What is needed »
Using the data that follows, give again word for word the lines between the one holding "slika 5 2015" and the one holding "CLIP: Cựu bí", inclusive. Omit the pictures.
──────── Record extracts ────────
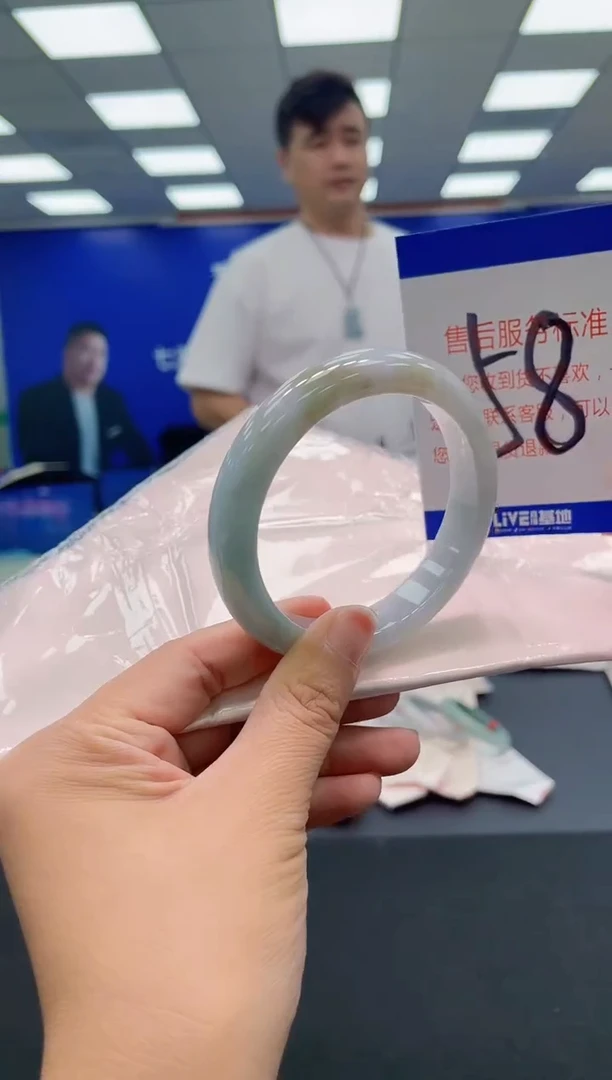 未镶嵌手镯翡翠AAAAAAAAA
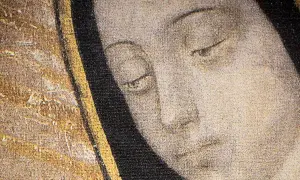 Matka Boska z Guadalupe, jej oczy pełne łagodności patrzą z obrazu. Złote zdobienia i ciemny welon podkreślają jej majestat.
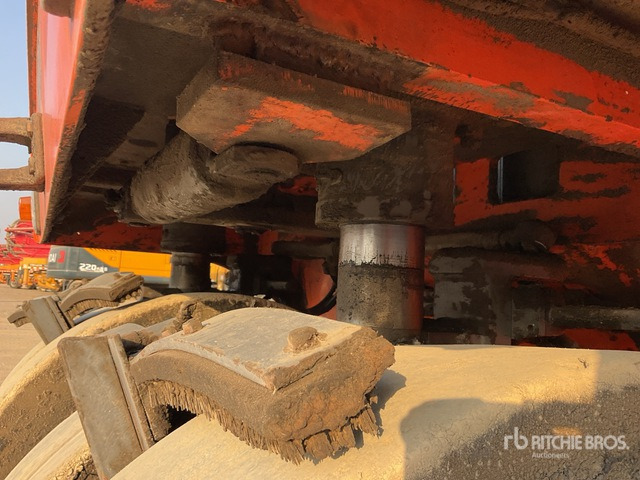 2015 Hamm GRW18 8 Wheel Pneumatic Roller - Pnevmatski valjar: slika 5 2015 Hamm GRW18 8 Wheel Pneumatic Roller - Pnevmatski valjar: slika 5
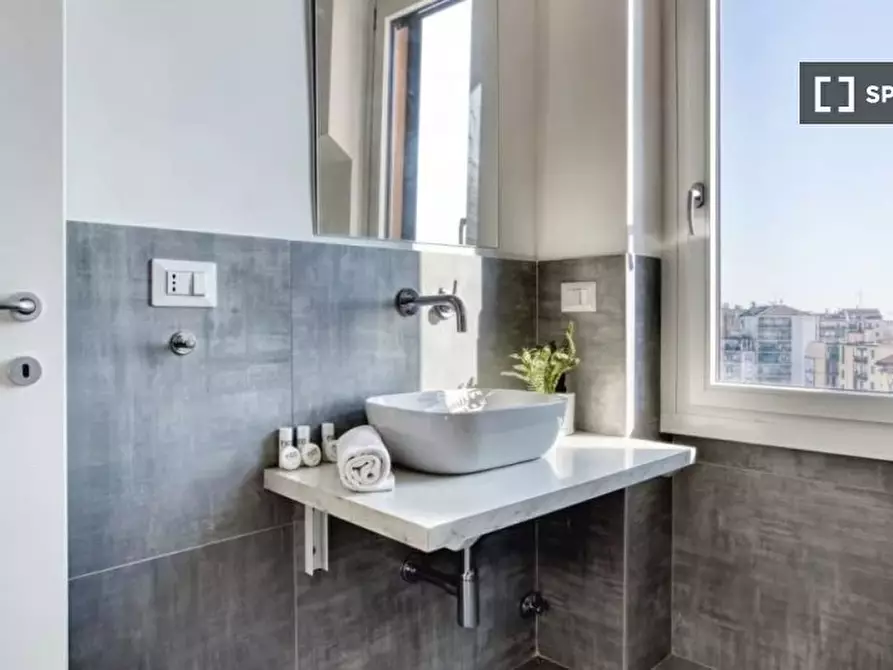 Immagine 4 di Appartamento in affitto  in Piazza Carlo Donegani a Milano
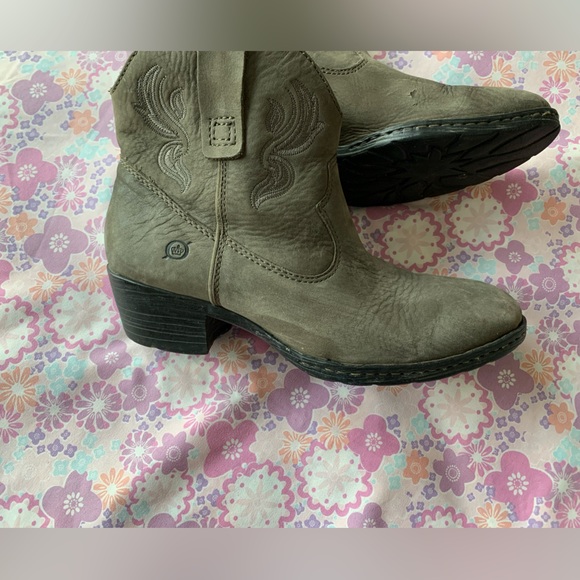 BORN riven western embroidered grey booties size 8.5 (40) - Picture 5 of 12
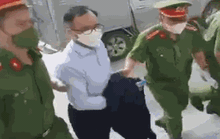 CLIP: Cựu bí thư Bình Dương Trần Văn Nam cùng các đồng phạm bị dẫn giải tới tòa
────────
──────── Record extracts ────────
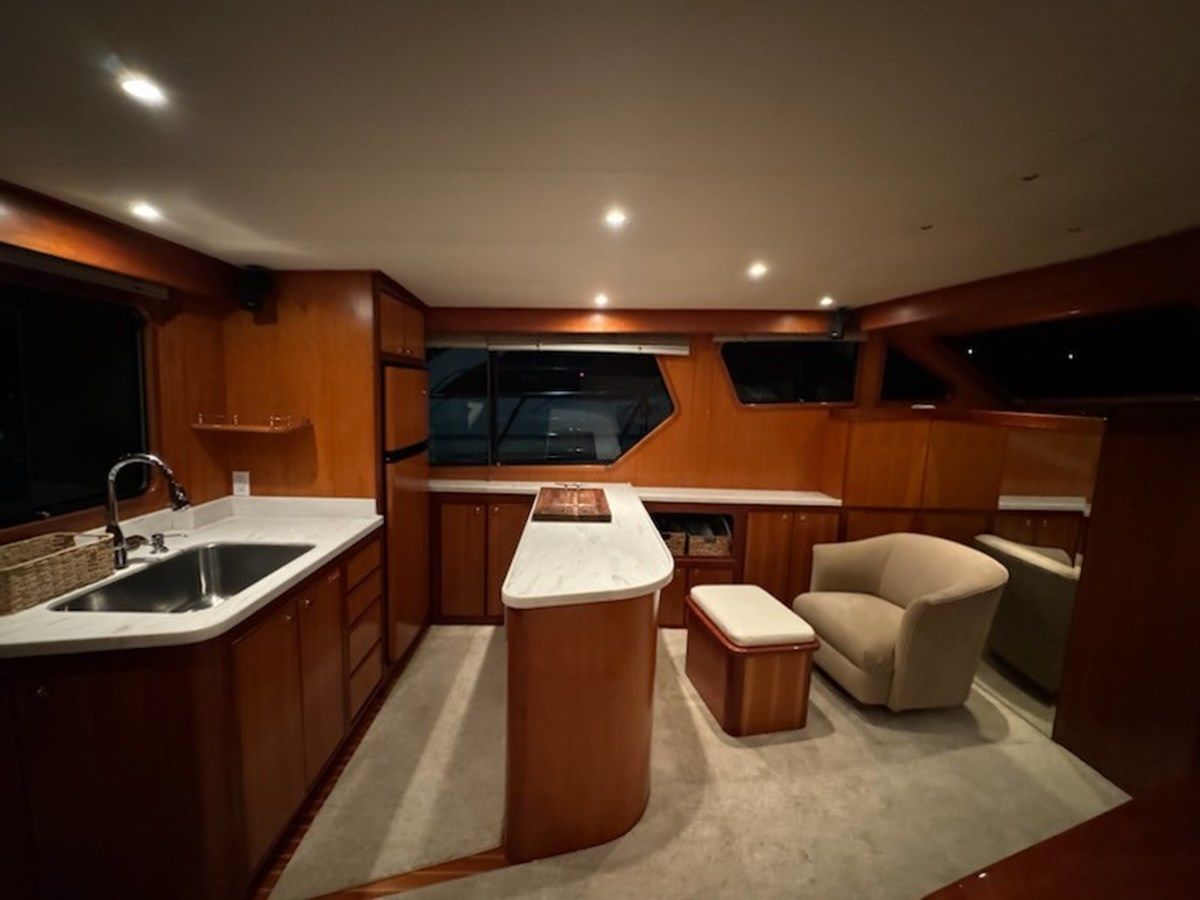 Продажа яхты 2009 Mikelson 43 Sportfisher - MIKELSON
────────
Written solution »
 2015 Hamm GRW18 8 Wheel Pneumatic Roller - Pnevmatski valjar: slika 5 2015 Hamm GRW18 8 Wheel Pneumatic Roller - Pnevmatski valjar: slika 5
 Immagine 4 di Appartamento in affitto  in Piazza Carlo Donegani a Milano
 BORN riven western embroidered grey booties size 8.5 (40) - Picture 5 of 12
 CLIP: Cựu bí thư Bình Dương Trần Văn Nam cùng các đồng phạm bị dẫn giải tới tòa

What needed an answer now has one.